The limited address space is the real problem and the shortage has been leading networking issues for years. IPv6's extra space, the minimum subnet of /64 and the large rfc1918 eqivalent space will make things lots easier.
How often has somebody allocated a /30 for a routing/firewall segment that then needed HA some years later (2 real addresses and a floating). The /30 is then wasted because its to small to be useful without making a mess of routing.
In around two years it will be impossible to get portable address space allocated. If I have the next big killer application I'll be tied to whatever single ISP wants to rent some address space to me. If they have routing problems I won't be able to fail my routes over to somebody else.

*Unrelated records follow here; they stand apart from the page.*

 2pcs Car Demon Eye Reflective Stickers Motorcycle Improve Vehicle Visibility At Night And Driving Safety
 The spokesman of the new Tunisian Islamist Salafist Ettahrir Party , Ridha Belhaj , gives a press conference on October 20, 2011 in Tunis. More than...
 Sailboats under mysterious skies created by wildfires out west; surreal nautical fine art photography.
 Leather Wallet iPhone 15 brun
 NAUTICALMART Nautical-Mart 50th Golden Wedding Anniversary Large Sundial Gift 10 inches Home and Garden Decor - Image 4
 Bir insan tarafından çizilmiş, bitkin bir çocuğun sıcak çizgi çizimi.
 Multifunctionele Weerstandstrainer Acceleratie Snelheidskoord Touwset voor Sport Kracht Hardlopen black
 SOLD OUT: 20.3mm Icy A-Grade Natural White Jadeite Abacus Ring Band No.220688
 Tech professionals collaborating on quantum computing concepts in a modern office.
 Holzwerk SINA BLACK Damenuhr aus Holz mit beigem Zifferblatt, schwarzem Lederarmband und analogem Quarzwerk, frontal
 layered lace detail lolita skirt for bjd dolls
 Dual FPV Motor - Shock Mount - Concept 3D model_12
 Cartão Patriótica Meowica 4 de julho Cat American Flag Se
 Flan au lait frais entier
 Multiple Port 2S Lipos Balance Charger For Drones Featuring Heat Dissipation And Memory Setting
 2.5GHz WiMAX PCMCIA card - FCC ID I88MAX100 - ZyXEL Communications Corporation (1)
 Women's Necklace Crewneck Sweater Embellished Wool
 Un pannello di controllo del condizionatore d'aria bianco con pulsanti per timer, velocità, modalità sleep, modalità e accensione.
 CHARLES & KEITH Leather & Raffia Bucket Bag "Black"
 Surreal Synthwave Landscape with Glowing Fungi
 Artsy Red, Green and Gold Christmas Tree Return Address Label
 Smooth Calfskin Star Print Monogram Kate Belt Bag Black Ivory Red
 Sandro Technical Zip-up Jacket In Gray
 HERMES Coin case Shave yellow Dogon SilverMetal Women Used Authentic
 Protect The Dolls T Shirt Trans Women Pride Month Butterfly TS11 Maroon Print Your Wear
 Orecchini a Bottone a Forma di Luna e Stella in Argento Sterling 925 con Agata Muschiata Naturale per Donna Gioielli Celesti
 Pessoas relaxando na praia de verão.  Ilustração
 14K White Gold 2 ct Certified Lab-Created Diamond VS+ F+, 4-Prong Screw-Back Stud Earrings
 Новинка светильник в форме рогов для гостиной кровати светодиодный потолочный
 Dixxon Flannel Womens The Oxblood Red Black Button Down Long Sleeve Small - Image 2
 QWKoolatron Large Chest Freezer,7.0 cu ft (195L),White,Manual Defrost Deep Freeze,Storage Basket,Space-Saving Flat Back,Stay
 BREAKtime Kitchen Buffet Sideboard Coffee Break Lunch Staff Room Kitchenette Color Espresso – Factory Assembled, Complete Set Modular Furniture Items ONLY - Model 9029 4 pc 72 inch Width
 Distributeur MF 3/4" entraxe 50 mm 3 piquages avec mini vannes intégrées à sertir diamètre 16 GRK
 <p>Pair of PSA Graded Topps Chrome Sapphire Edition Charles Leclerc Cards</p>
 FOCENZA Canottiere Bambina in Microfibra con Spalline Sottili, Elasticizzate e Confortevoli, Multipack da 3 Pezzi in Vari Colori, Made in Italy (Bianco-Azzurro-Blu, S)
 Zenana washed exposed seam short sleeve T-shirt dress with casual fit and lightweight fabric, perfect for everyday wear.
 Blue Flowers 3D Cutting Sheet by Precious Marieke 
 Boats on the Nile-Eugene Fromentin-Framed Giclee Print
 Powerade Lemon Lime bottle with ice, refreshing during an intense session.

I've seen a client fill a B class network. They built their addressing scheme many years ago when Bs were still given out and in the years since grew in ways they hadn't predicted. Of course some of their server farms turned out much bigger, some of their locations turned out smaller than planned wasting space. Basically they ended up with a mess that was difficult to clean up. IPv6 won't get to that sort of fragmentation since /64s will always be useful.
I've seen many situations where large organisations use 10/8 for their internal networks. They then merge, split or go partnership with somebody that requires private links between the organisations. I've seen situation where application servers that needed to talk to each other were on the same 10.x.y.z and the NAT nightmare between them sucked. Every device had a different address depending on who you talked to.
People talk about IBM should give back their A. Without that A there would be a NAT nightmare between everybody that IBM connects to for their management services. Imagine how many 10/8 networks IBMs NOC talks to and imagine what it would be like if they were also 10/8.
I can imagine all the big companies moving to public v6 address space for their private networks but never advertising it to the Internet. The outbound traffic will be NATed/proxied at the gateway. This will make the corporate merge/split/peer cycle easier to deal with.